I guess you need to check out the theory @Simkoo


#6

Ok, so what you did is a monoalphabetic substitution cipher and is more or less the weakest possible encryption technique (such techniques go back to Roman Antiquity at least): if the ciphertext is long enough, frequency analysis (of letters, double letters, small blocks of consecutive letters) breaks it easily, and if it is too short for that then trying to match words using a dictionary does the trick efficiently (check out this problem for instance), that's what I did here (and it takes only a few seconds with unoptimized python code and an English dictionary of 100000 words).

Good old classical ciphers are completely obsolete nowadays, you should completely forget about alphabet substitutions, even the most sophisticated techniques have terrible flaws and will fail (check out Enigma for instance).
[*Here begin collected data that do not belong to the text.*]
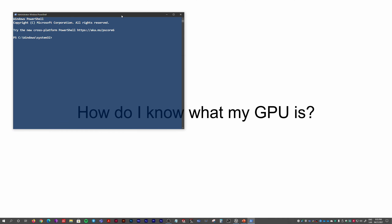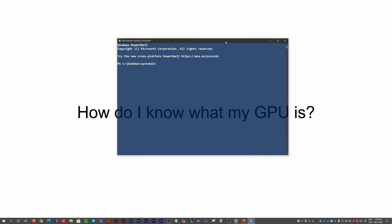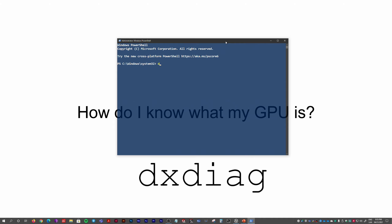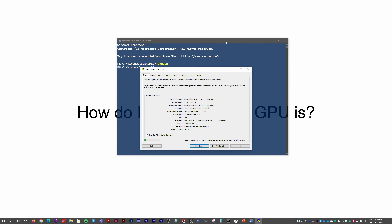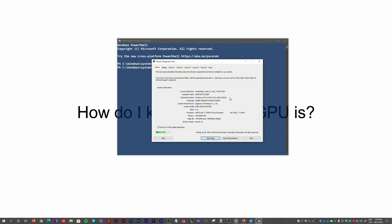We need to type 'dxdiag'. This shows the DirectX Diagnostic Tool in this section.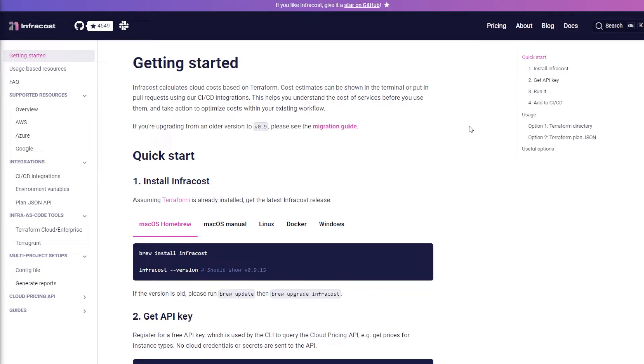Hey everyone, welcome back to my channel. Today I want to go over this cool open source tool that is free called Infracost. What it does is it allows you to calculate your cloud cost based on your Terraform state plan.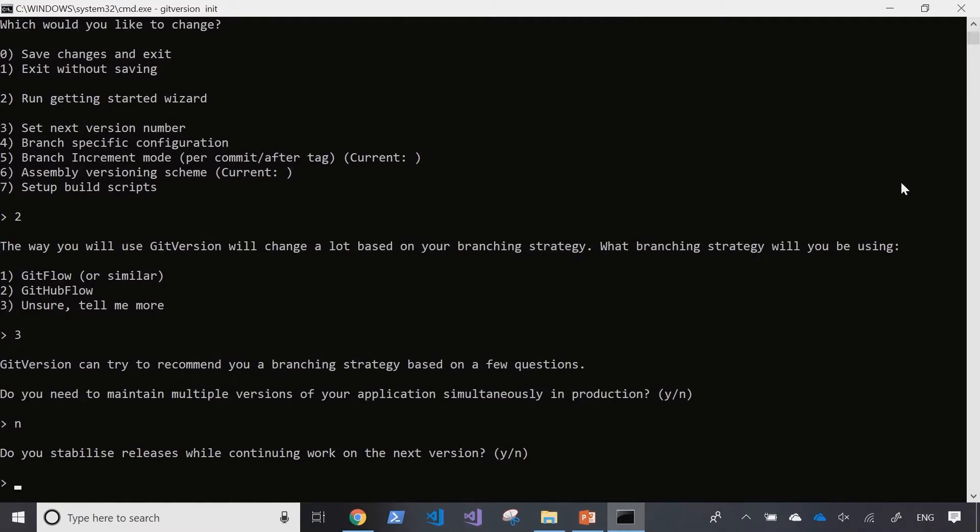Do you stabilize releases while continuing to work on the next version? Yeah I think it makes sense - you cut out a release branch and if there are any bugs identified during release testing then you go in and fix them. So yeah we do stabilize our releases in the release branch.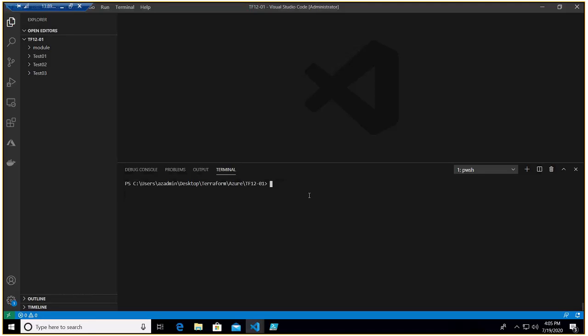There are times when we have to import existing infrastructure into the Terraform state file. A good example I've been through is a migration that involved tools like ASR and third-party tools like River Meadow. When we migrate with the help of such tools, it was a lift-and-shift migration, and on the Azure side, more than 50% of the infrastructure was migrated from on-premises.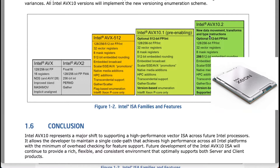AVX10-1 will be introduced in the first phase, supporting a subset of Intel AVX-512 instruction sets on Granite Rapids 6th Gen Xeon performance cores. AVX10-2 will bring full AVX10 support and compatibility for legacy instruction sets.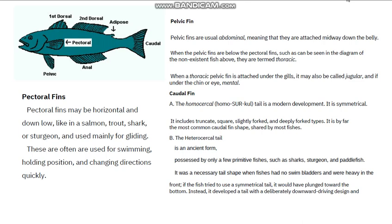Most of the fish you are going to see in the diagrams will have the homocercal tail type because it is the modern development type of tail you see all around. The heterocercal is an ancient form of tail, possessed by only a few primitive fishes like sharks and paddlefish. It was a necessary tail shape when fishes had no swim bladder and were heavy in the front.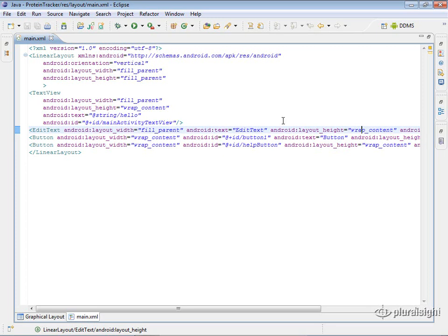And then for the height, we're saying wrap content, so it's just going to be as big as it needs to be. And you're mainly going to want to use those when you work with resource files like this layout file because you want to make it work scale on different devices.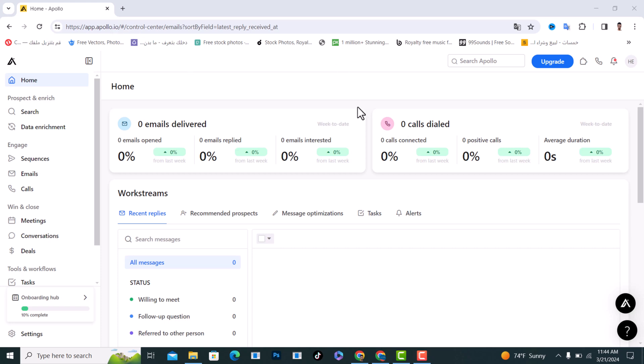Hello everyone, I will show you how to search people in Apollo.io.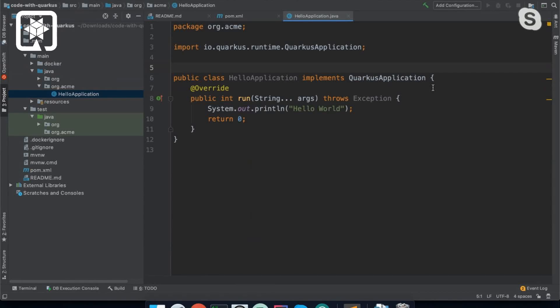So basically, this QuarkusApplication is a special Quarkus interface that represents a command that's run after Quarkus has started.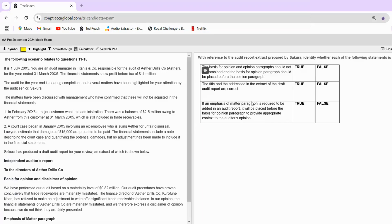Hi everyone, I hope you people are doing great. Welcome to the third video of Section A debrief of our AA pre-December 2024 mock. In this we will be doing case study number three, which is Titnus and Company. Let's begin with the debrief — I hope you're already done with this question, and let's start.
If you do not know anything about modern cryptography and want a simple reliable technique, check out one-time pad (basically do a simple bitwise XOR between your message seen as a binary stream and a secret key having the same size as the message; but keep in mind that the key should only be used once, otherwise it is extremely vulnerable to known- or chosen-plaintext attacks). If you want to use smaller keys independent of the size of the message, then either use a CBC block chaining or (way more fun) pick up a pseudorandom generator to generate the "pad" and use its parameters as the key (for instance pick the BBS PRNG X(n+1) = X(n)^2 mod M and use the pair (X(0),M) as the secret key).


#7

Thank you so much, i will endulge myself in some reading of the links you included. hopefully i will have a better understanding of encrypting afterwards. By the way, you seem to know a lot about coding. Would you happen to know wether C# is an efficient language for encoding and decrypting or even good in general?


#8

If you are learning programming, then the language does not matter much. Pick whatever you want (as long as you avoid old obsolete languages that nobody uses anymore or exotic languages that are just for fun), you will learn several other languages eventually anyway...
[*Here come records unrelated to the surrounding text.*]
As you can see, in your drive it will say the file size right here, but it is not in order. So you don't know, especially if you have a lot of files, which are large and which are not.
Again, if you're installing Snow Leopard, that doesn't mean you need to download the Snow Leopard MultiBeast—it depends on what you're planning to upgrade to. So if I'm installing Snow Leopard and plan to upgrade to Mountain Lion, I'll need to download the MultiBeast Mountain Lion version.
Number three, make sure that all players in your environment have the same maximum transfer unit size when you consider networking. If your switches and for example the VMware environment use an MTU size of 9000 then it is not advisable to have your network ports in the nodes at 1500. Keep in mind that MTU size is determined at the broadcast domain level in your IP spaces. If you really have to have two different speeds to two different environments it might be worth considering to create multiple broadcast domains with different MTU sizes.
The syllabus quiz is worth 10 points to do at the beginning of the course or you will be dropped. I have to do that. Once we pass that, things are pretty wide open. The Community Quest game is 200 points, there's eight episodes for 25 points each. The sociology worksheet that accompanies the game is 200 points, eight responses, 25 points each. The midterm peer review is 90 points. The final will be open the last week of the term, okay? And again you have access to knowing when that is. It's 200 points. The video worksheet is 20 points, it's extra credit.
As far as I know, C# is perfectly fine for anything (even though I don't use it as I'm mostly under Linux and it's a Microsoft .NET thingy).


#9

The crytopals challenges (https://cryptopals.com/) are quite interesting if you want to know about different crypto methods and how to break them.


#10

There is .net core and mono on Linux (I use the latter myself). It's limited regarding the GUI (only Windows Forms, no WPF), but for console applications you won't miss functionality.

Another website: hacker.org.
There are some crypto problems, as well as coding and web related tasks.